Functorch: Levels as dynamically allocated classes

Functorch: Levels as dynamically allocated classes

Abstract: functorch does not need to manually implement levels and internally dispatch to the appropriate functorch transformation for a level; the existing types dispatch in __torch_dispatch__ is sufficient, so long as every distinct level of transformation is given a fresh, dynamically allocated class associated with it. The tree structure of a class hierarchy also prevents level confusion (when levels are expressed as integers) when objects with levels escape their lexical scope.

Background: subclass dispatch in __torch_function__

At first glance, __torch_function__ (and __torch_dispatch__, which is directly implemented using the same logic) is simply a mechanism for subclasses of Tensor to override the meaning of functions in the global namespace, where traditional dynamic dispatch on method invocation is insufficient. However, __torch_function__ also comes with a mechanism for handling multiple dispatch situations when tensors of two distinct subclasses are passed to the same operation. The behavior is perhaps best described with a set of examples:

class Parent:
    @staticmethod
    def __torch_function__(...): ...

class Child(Parent):
    @staticmethod
    def __torch_function__(...): ...
    
class Unrelated:
    @staticmethod
    def __torch_function__(...): ...

Consider:

  • torch.add(Parent(), Parent()) - this is the easy case, we simply invoke Parent.__torch_function__
  • torch.add(Parent(), Child()) - here, it is clear that Child is “aware of” Parent, as it is a subclass of Parent. So the correct function to invoke is Child.__torch_function__, with the assumption that Child knows how to handle Parent arguments. Algorithmically, this is implemented by preferring subclasses over parent classes.
  • torch.add(Parent(), Unrelated()) - here, Parent and Unrelated have no subclass relationship, and there is not any reason to presuppose Parent or Unrelated knows how to deal with the other. So we pick an arbitrary function, e.g., Parent.__torch_function__, and if it returns NotImplemented (indicating that it doesn’t understand some of its arguments), we try the other function, e.g., Unrelated.__torch_function__. In fact, this process would also occur if the child class reported it didn’t know how to handle the parent class, although this situation is more unlikely.
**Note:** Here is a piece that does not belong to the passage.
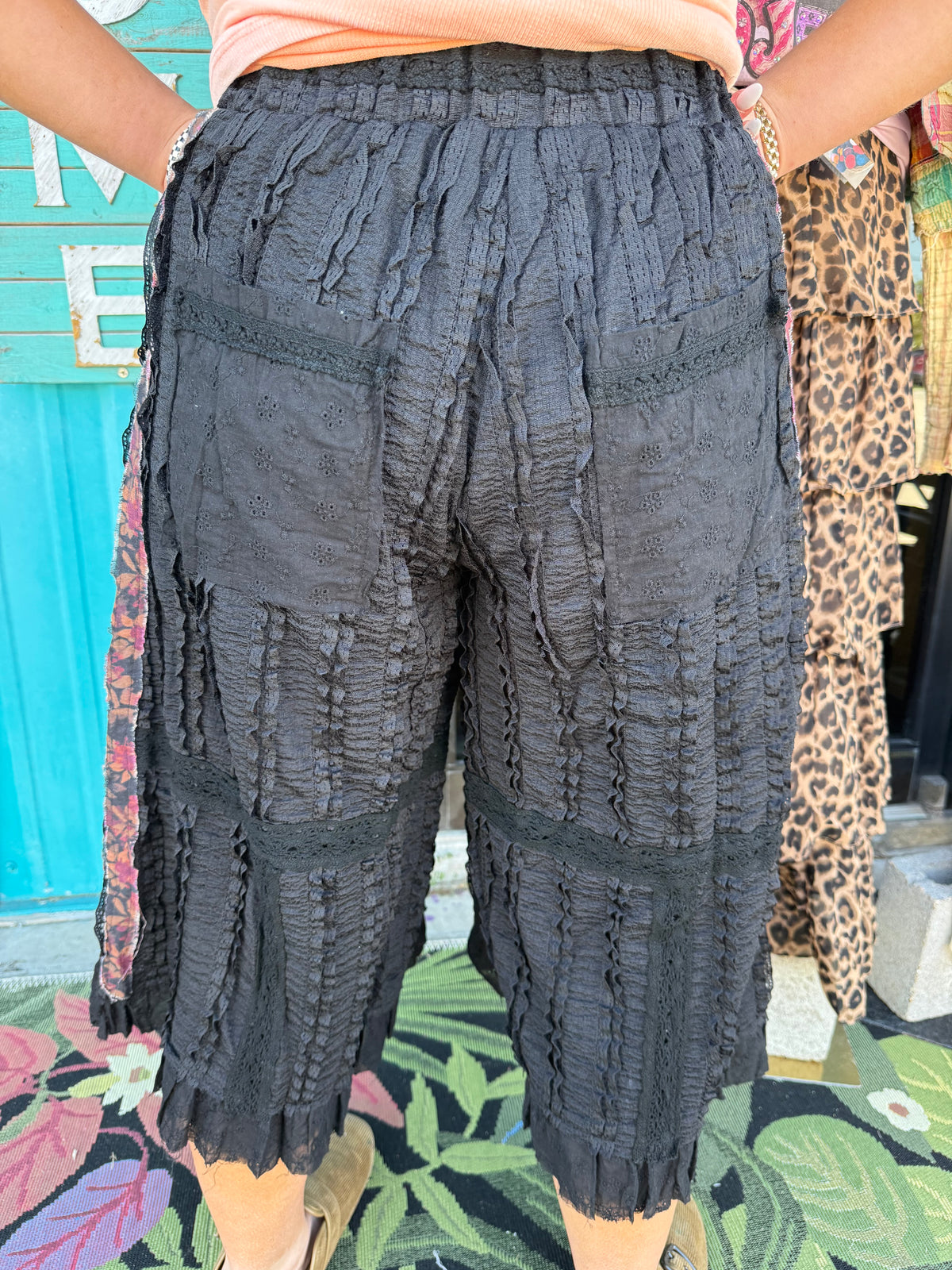 Lace Print Patch Eyelet Ruffle Wide Leg Pants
To summarize, multiple dispatch is implemented by trying __torch_function__ on each argument, one by one, until we find one that actually works for all the argument types in questions. However, we’ll always try subclass implementations first, since they “know of” their parent classes and are more specific.

Background: level dispatch in functorch

Functorch transformations can be thought of as implemented by wrapping tensors with special wrappers, e.g., BatchTensor, which reinterpret the meaning of Tensor operations before forwarding on to their inner wrapped tensors. However, because functorch transformations can be composed with themselves, and because the order the transformations are composed matters, these wrappers must record the level associated with their computation. Take the following vmap example:

vmap(xs, lambda x: vmap(ys, lambda y: x + y))

Suppose that xs is tensor of size (10, 2) and ys is a tensor of size (15, 2); the output size of this operation is, perhaps surprisingly, (10, 15, 2)! This can be understood by considering the types of x (tensor of size 2) and y (also tensor of size 2), and then the effect each vmap has on them. At the time we perform the addition, x + y is of logical size (2). The inner vmap, vectorizes this into a computation on ys’s batch dimension giving the size (15, 2). Then the outer vmap vectorizes the computation once again onto xs’s batch dimension, giving the final physical size (10, 15, 2).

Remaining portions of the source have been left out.